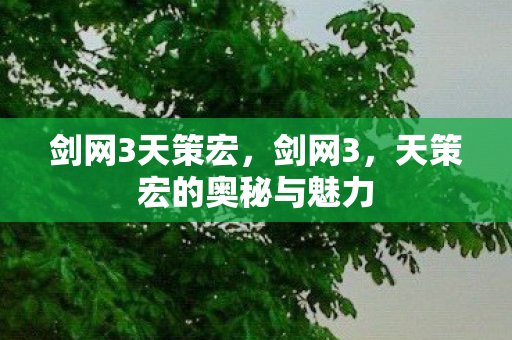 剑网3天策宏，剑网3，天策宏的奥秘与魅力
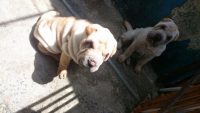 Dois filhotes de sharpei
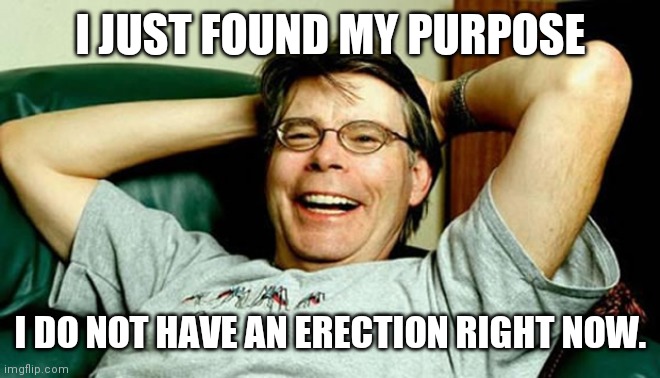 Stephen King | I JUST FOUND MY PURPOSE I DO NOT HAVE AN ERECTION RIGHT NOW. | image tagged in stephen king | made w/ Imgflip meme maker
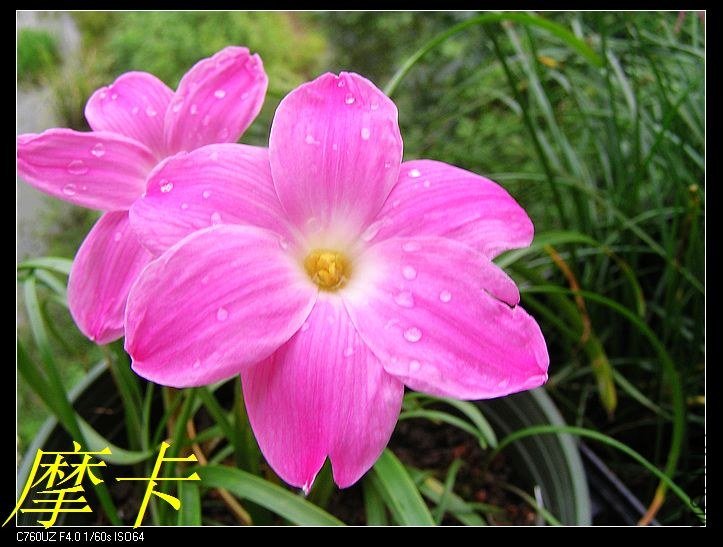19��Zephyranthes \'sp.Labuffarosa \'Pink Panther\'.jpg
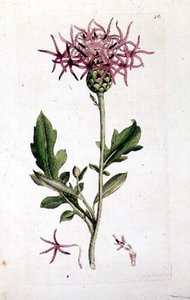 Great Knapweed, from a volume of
☆ ☆ ☆ ☆ ☆
Leave the pictures out. Transcribe exactly the lines from the one with "19��Zephyranthes \'sp.Labuffarosa \'Pink" through the end of the records.

19��Zephyranthes \'sp.Labuffarosa \'Pink Panther\'.jpg
 Great Knapweed, from a volume of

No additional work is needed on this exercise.